Your task:
Starting with the line that contains "Charger OptiMATE 1" and ending with the last line of the listing, print each line exactly. Pictures stay out.
═════ The input
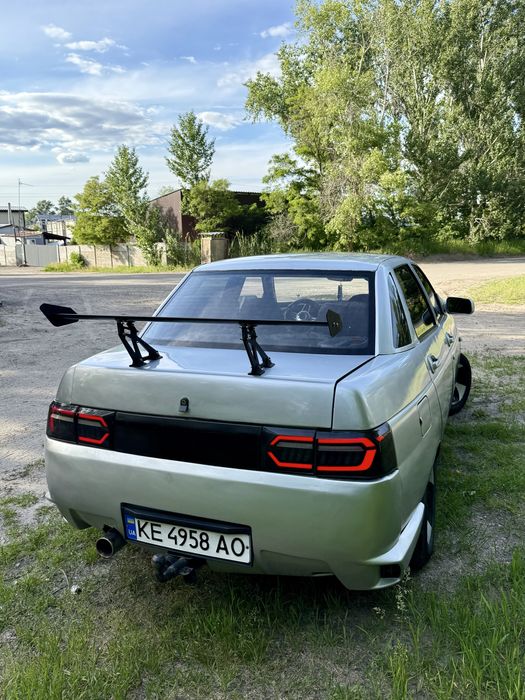 VAZ ваз Lada 2110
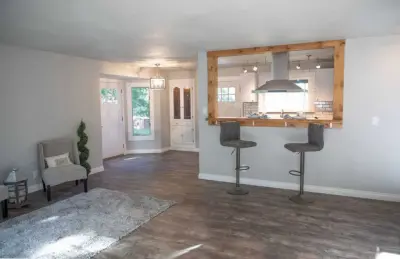 Big League Construction - Countertop Installation Services in The Dalles, OR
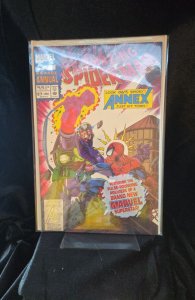 The Amazing Spider-Man Annual #27 (1993) Spider-Man 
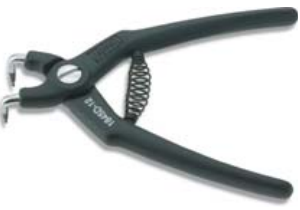 VKA-HAZET - ALICATES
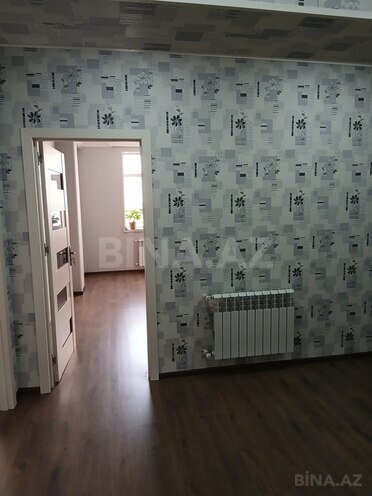 1-комн. новостройка - пос. Масазыр - 52.5 м² (5)
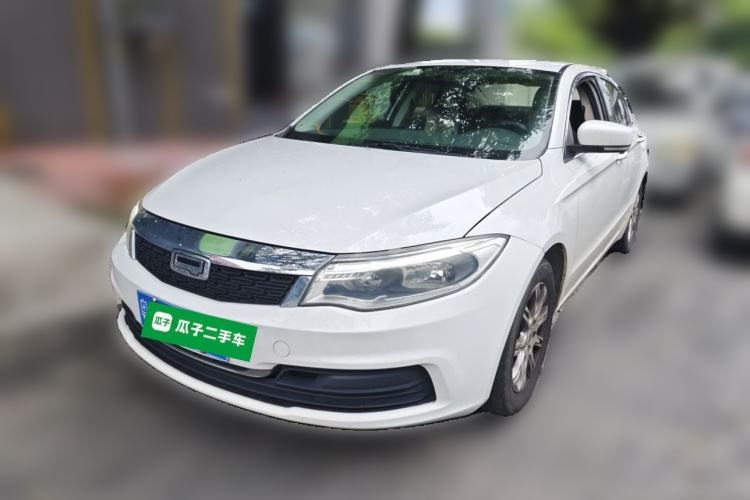 Used Qoros 3 2016 Sedan 1.6L Automatic ZhiXiang Model Guazi used car, China used car export, Used car for sale, Used  cars, Cheapest cars for sale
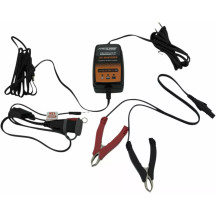 Charger OptiMATE 1 DUO MSE - EU PLUG — 12V 0.6A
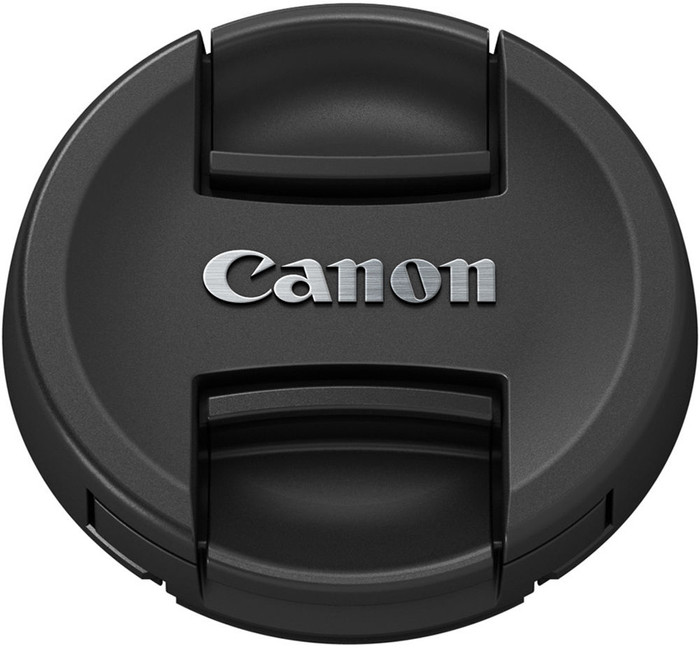 Canon EF 50mm f/1.8 STM null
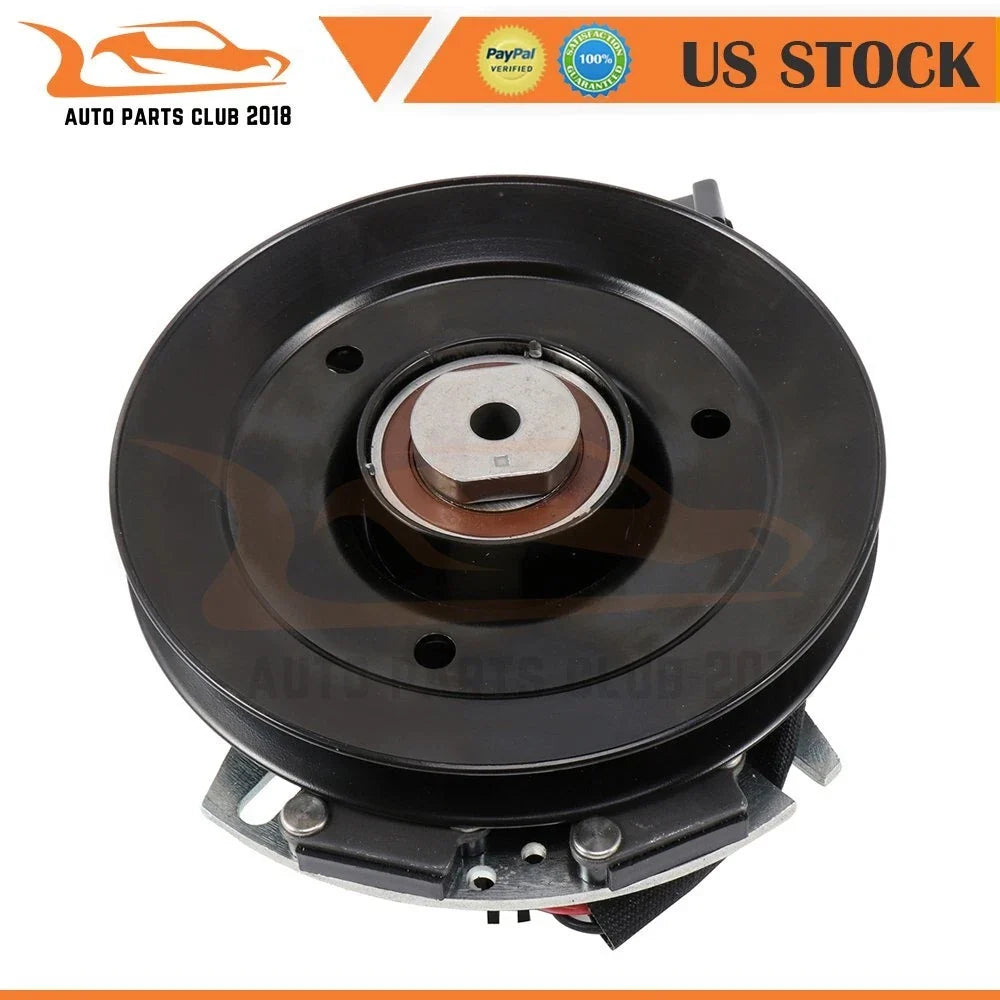 Electric PTO Clutch for Bobcat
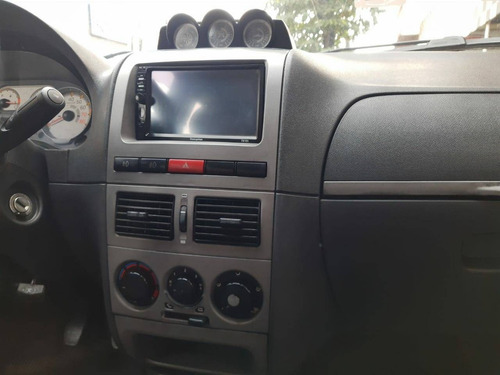 Imagem 12 de 14 de Fiat Strada 1.8 Mpi Adventure Ce 16v Flex 2p Manual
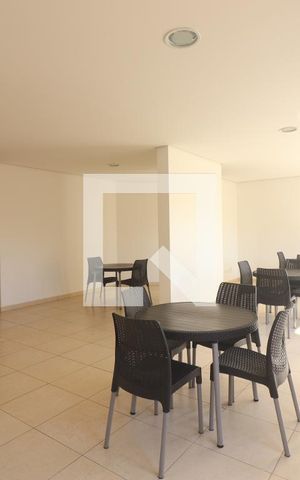Apartamento para alugar com 93m², 3 quartos e 2 vagasÁrea comum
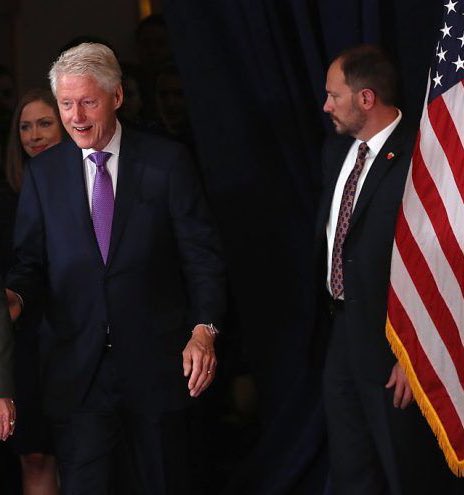 misandrism's tweet photo. bill clinton asexual moodboard https://t.co/HquuxMcixU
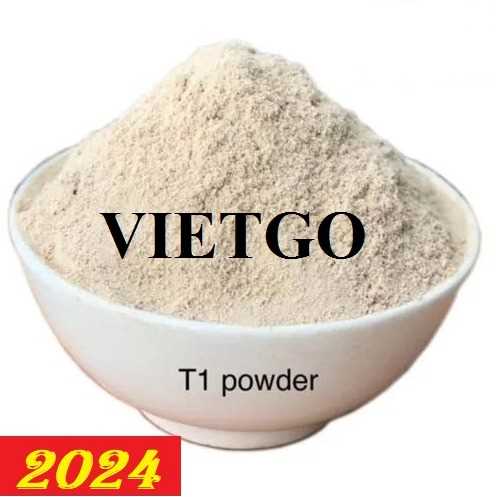 Cơ hội giao thương xuất khẩu bột hương sang thị trường Ấn Độ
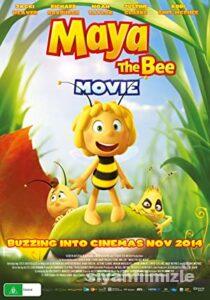 Arı Maya 2014 Filmi Türkçe Dublaj Altyazılı Full izle Arı Maya 2014 izle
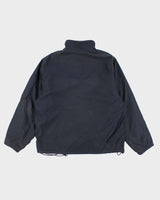 Vintage 90's Chaps Ralph Lauren Reversible Fleece Lined Jacket - L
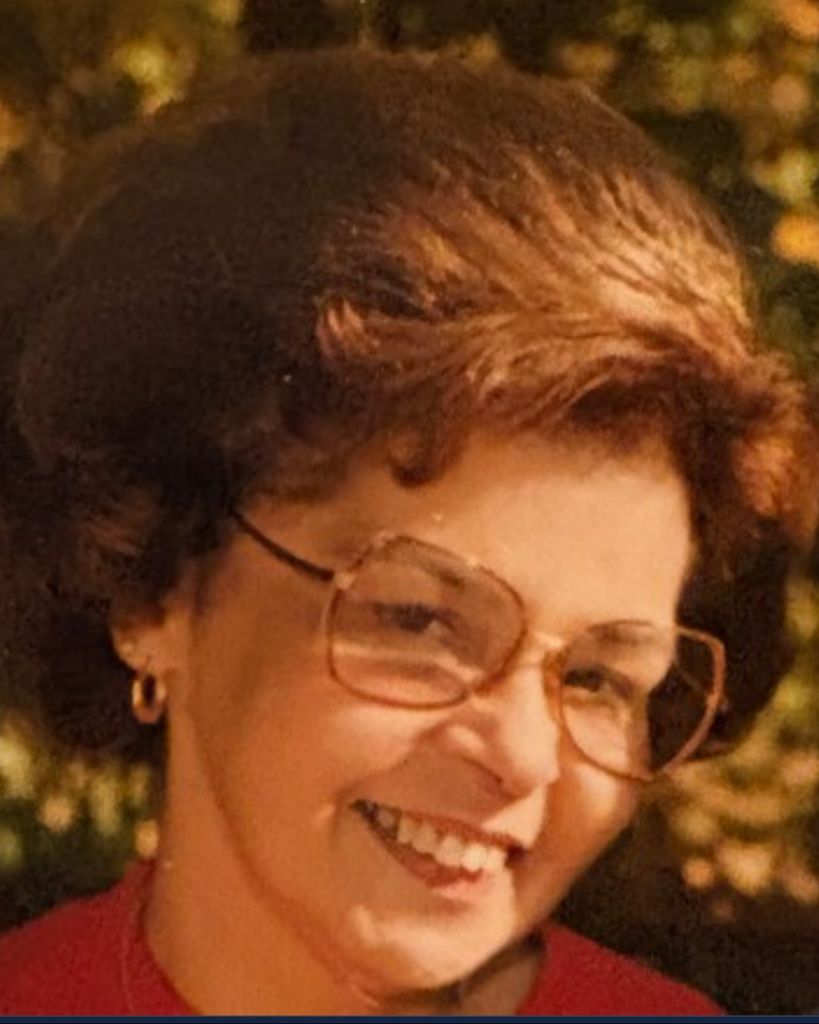 Barbara E Williams Profile Photo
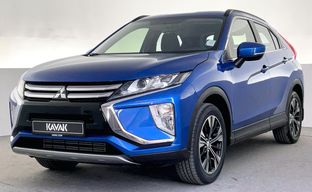 Mitsubishi • Eclipse Cross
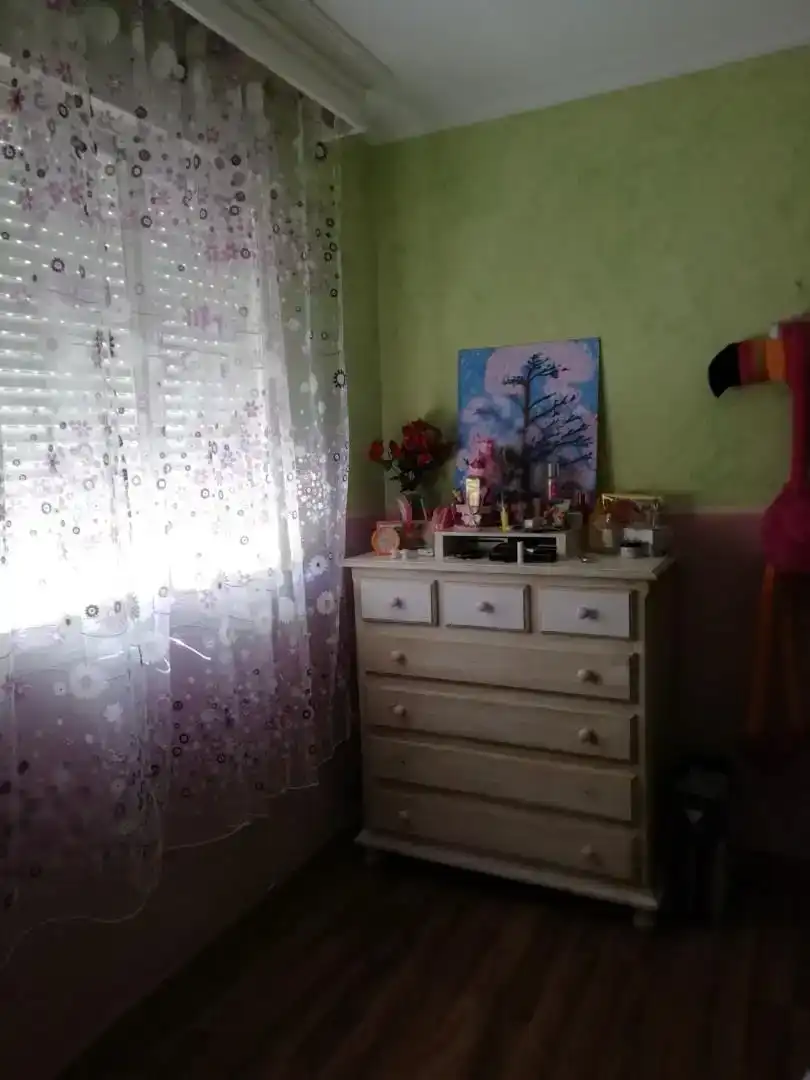 Habitación de Piso en venta en Algeciras con Parquet, Trastero y Amueblado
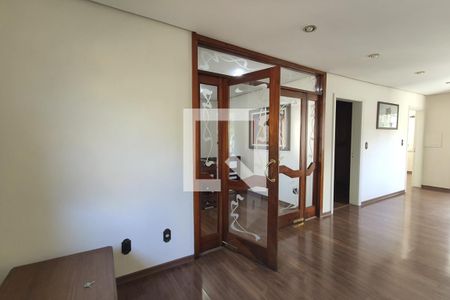 Sala 2 de casa para alugar com 4 quartos, 142m² em Ideal, Novo Hamburgo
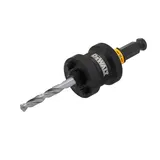 Тримач коронок (ціфенборов) швидкозатискний DeWALT DT20625 — Photo 6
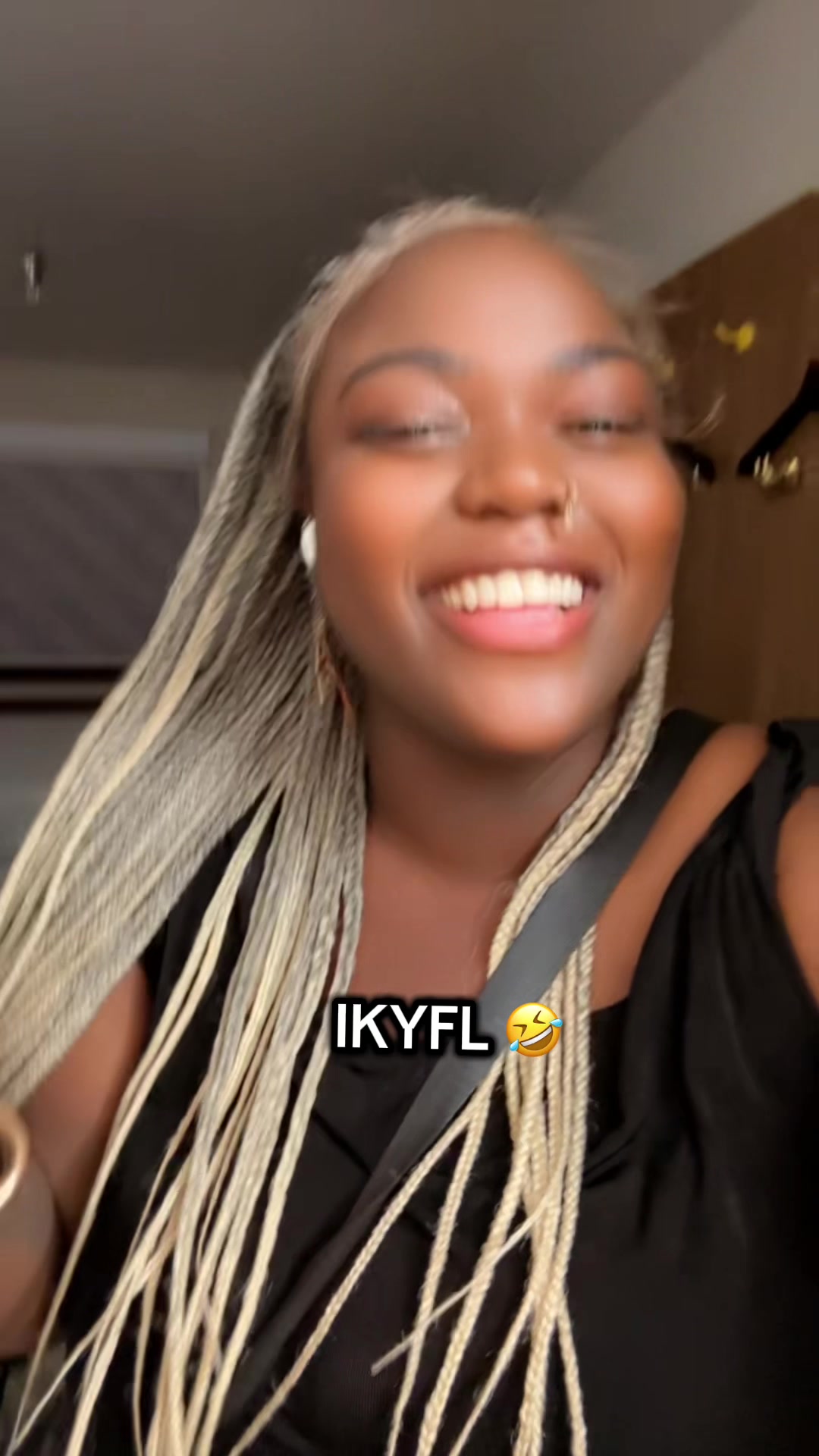 @The Controversial Blonde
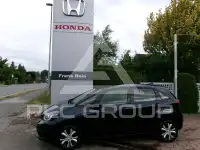 2021 Honda JAZZ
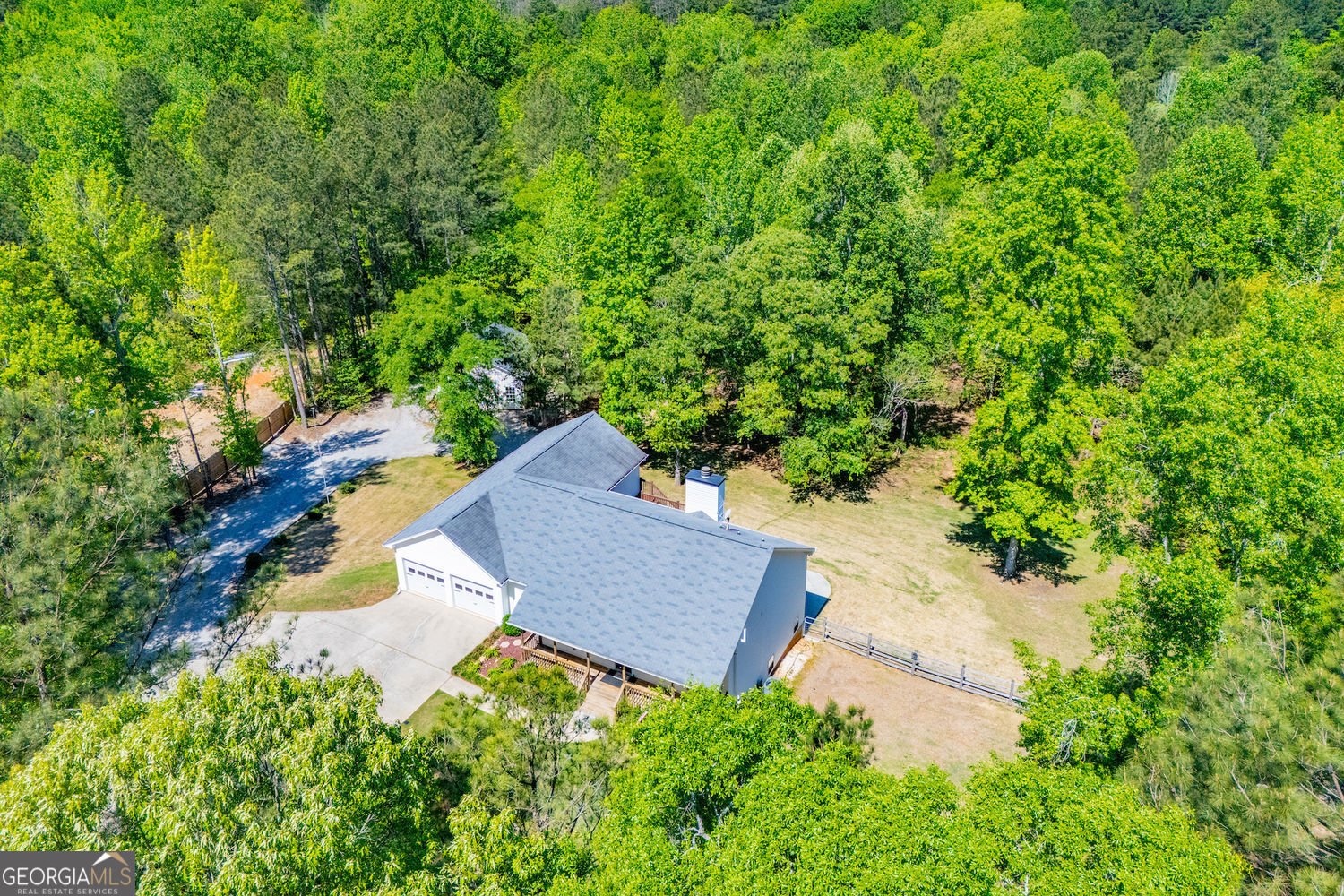 1475-A Flat Rock Road Douglasville - Photo 86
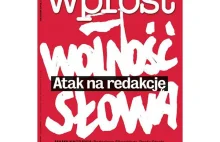 Krzysztof Stanowski: "Taśmy żenady: tak politycznej, jak medialnej".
══════════
Task answer:
 Charger OptiMATE 1 DUO MSE - EU PLUG — 12V 0.6A
 Canon EF 50mm f/1.8 STM null
 Electric PTO Clutch for Bobcat
 Imagem 12 de 14 de Fiat Strada 1.8 Mpi Adventure Ce 16v Flex 2p Manual
Apartamento para alugar com 93m², 3 quartos e 2 vagasÁrea comum
 misandrism's tweet photo. bill clinton asexual moodboard https://t.co/HquuxMcixU
 Cơ hội giao thương xuất khẩu bột hương sang thị trường Ấn Độ
 Arı Maya 2014 Filmi Türkçe Dublaj Altyazılı Full izle Arı Maya 2014 izle
 Vintage 90's Chaps Ralph Lauren Reversible Fleece Lined Jacket - L
 Barbara E Williams Profile Photo
 Mitsubishi • Eclipse Cross
 Habitación de Piso en venta en Algeciras con Parquet, Trastero y Amueblado
 Sala 2 de casa para alugar com 4 quartos, 142m² em Ideal, Novo Hamburgo
 Тримач коронок (ціфенборов) швидкозатискний DeWALT DT20625 — Photo 6
 @The Controversial Blonde
 2021 Honda JAZZ
 1475-A Flat Rock Road Douglasville - Photo 86
 Krzysztof Stanowski: "Taśmy żenady: tak politycznej, jak medialnej".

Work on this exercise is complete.